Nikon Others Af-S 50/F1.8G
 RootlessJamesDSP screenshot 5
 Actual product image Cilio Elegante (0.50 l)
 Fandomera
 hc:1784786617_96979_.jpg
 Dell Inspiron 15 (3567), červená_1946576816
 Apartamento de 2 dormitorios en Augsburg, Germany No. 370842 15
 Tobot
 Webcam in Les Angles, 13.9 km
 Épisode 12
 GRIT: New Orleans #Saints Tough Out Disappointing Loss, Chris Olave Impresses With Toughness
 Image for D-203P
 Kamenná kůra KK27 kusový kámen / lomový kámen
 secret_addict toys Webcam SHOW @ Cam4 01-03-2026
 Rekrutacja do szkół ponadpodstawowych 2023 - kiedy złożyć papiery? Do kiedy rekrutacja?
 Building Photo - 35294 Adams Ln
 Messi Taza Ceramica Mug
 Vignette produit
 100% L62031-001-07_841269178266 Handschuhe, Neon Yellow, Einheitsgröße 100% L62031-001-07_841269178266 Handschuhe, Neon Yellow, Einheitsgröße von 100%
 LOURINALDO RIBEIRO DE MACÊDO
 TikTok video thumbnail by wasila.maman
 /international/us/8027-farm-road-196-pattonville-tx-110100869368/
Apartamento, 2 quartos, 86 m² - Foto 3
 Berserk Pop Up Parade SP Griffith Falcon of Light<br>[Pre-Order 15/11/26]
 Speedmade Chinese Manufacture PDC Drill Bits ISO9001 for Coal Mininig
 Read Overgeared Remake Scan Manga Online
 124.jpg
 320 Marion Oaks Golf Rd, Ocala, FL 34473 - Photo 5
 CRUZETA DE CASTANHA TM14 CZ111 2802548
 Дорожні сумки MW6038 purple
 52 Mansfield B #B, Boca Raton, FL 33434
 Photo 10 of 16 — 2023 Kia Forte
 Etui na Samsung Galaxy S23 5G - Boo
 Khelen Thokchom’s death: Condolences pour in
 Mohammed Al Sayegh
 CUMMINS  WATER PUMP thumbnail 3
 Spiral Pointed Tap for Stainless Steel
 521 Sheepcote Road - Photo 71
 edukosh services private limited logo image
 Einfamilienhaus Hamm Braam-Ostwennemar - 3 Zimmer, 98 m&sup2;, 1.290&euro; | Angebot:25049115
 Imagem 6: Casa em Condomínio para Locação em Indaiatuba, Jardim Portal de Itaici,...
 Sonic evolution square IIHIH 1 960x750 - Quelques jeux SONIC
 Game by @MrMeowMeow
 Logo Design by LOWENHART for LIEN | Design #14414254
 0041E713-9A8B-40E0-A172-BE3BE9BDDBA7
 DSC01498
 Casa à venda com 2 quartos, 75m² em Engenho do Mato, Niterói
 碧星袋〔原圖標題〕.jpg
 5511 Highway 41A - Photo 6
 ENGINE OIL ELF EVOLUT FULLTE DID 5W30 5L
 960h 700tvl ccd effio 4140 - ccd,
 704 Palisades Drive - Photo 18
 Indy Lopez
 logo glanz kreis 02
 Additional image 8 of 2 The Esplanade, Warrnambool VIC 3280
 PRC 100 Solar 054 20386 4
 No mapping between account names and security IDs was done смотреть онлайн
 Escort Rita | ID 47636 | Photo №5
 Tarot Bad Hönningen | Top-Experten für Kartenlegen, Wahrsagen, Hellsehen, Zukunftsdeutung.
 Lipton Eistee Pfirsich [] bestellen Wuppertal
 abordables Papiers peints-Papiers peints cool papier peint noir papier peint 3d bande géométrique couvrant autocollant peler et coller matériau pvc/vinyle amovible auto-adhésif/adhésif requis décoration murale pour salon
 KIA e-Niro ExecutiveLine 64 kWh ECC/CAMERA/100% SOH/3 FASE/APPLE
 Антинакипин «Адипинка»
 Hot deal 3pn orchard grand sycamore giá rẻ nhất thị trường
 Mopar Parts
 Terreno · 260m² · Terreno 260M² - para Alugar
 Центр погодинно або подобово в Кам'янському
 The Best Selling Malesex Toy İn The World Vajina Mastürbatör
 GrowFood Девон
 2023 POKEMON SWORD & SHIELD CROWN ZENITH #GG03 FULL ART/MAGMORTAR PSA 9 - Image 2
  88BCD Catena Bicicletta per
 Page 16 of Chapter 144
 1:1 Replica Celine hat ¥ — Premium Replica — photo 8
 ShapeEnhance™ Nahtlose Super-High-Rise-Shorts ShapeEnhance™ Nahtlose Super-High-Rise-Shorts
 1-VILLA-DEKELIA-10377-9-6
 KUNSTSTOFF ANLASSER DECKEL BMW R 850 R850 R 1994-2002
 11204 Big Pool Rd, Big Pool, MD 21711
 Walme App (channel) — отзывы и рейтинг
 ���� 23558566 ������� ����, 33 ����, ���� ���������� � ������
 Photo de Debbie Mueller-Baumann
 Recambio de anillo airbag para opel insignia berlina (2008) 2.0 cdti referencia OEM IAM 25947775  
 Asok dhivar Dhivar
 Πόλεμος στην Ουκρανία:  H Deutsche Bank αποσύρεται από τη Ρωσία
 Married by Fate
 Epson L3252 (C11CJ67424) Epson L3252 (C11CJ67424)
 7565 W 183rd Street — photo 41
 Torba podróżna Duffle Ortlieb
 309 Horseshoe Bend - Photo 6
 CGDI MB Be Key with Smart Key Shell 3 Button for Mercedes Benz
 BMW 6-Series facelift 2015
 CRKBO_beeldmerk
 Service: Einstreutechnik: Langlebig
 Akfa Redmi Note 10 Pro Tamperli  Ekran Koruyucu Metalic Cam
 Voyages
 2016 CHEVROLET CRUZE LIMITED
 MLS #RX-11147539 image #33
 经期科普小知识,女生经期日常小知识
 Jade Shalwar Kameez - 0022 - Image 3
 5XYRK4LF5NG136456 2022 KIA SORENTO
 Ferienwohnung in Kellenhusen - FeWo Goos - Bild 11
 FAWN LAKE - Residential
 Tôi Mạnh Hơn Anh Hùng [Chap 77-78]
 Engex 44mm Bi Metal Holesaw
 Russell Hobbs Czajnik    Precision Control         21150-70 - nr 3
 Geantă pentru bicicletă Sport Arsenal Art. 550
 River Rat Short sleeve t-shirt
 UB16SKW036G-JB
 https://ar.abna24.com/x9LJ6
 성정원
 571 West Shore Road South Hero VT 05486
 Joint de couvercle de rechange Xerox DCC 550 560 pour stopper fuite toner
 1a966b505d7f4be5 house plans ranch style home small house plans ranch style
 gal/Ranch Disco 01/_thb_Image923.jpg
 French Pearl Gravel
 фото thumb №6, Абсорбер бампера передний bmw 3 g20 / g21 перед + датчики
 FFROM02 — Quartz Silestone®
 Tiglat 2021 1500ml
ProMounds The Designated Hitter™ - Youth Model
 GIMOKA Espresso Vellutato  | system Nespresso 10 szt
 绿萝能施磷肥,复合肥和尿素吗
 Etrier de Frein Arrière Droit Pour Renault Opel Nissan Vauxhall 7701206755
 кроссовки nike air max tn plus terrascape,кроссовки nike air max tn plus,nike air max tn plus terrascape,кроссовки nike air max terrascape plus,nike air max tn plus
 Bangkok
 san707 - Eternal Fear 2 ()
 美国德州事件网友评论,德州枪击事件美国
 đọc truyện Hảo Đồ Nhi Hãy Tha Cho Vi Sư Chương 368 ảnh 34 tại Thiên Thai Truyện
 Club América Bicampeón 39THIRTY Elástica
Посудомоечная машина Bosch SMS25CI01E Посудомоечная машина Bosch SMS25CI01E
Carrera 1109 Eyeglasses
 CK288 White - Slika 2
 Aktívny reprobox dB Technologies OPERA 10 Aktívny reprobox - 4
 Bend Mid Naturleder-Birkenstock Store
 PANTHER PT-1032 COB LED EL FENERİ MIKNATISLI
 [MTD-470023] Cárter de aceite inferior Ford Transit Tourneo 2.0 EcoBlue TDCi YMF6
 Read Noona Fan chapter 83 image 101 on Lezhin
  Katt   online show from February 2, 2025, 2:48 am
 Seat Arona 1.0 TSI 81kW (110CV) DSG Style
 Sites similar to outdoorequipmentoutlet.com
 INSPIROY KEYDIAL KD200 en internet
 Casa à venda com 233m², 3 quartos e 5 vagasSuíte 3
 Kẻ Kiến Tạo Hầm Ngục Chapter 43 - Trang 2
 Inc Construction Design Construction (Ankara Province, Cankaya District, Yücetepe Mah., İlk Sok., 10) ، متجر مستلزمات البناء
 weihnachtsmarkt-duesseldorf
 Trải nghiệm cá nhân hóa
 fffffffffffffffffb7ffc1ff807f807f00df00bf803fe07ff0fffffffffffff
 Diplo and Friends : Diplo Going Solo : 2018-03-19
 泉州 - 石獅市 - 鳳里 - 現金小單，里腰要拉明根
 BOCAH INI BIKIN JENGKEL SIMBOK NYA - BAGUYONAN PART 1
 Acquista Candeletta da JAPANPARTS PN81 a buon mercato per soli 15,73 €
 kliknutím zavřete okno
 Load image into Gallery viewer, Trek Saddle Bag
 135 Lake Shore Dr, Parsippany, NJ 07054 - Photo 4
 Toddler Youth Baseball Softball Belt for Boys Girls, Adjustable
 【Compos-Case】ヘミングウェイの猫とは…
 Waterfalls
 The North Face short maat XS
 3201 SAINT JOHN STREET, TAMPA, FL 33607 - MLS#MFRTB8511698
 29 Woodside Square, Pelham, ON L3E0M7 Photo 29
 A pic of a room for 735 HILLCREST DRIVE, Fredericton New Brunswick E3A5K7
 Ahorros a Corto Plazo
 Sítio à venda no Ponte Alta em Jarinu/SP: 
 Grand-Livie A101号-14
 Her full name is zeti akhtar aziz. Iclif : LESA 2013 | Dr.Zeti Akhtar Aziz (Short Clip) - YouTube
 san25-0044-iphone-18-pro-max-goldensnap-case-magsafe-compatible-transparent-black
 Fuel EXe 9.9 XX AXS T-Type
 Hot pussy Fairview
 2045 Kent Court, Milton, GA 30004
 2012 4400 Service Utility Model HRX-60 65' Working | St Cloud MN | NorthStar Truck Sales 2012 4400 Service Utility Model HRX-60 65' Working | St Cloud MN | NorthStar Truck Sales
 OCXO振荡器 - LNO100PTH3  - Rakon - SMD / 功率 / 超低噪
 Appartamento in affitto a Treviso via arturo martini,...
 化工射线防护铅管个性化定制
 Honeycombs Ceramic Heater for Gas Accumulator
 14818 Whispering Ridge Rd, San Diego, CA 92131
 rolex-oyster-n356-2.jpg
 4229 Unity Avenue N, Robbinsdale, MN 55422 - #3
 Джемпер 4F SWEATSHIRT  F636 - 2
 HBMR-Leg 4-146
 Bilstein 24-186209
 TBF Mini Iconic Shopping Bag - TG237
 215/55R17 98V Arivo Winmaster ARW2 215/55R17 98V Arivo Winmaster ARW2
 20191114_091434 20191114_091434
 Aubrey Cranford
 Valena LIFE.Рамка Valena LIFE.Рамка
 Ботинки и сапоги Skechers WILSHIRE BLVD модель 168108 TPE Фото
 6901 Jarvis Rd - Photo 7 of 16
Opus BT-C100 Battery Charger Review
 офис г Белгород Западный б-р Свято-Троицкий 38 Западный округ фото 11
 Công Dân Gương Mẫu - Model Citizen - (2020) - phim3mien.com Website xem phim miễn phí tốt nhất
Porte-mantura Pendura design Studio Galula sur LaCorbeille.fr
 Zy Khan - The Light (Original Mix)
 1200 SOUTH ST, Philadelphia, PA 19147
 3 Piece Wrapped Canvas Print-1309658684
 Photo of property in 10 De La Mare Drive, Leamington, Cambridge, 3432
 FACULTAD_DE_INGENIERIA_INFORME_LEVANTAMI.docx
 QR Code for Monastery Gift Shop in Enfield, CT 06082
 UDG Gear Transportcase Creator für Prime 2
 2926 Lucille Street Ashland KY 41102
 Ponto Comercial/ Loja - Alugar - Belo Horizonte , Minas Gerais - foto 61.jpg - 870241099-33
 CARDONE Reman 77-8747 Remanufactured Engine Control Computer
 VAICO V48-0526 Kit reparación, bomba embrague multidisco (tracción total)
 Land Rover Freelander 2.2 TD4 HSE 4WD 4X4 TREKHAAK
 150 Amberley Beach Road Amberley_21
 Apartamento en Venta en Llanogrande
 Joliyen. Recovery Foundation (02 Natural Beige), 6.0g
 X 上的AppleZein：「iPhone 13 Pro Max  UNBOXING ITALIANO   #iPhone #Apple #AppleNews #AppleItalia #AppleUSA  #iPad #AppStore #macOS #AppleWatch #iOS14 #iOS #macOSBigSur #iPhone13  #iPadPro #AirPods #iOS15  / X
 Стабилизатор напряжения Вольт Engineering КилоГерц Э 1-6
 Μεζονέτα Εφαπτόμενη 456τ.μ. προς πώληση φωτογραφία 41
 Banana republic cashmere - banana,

○ ○ ○ ○ ○ ○ ○

Every line of the listing above that includes "Light" should be copied out.

 Berserk Pop Up Parade SP Griffith Falcon of Light<br>[Pre-Order 15/11/26]
 Zy Khan - The Light (Original Mix)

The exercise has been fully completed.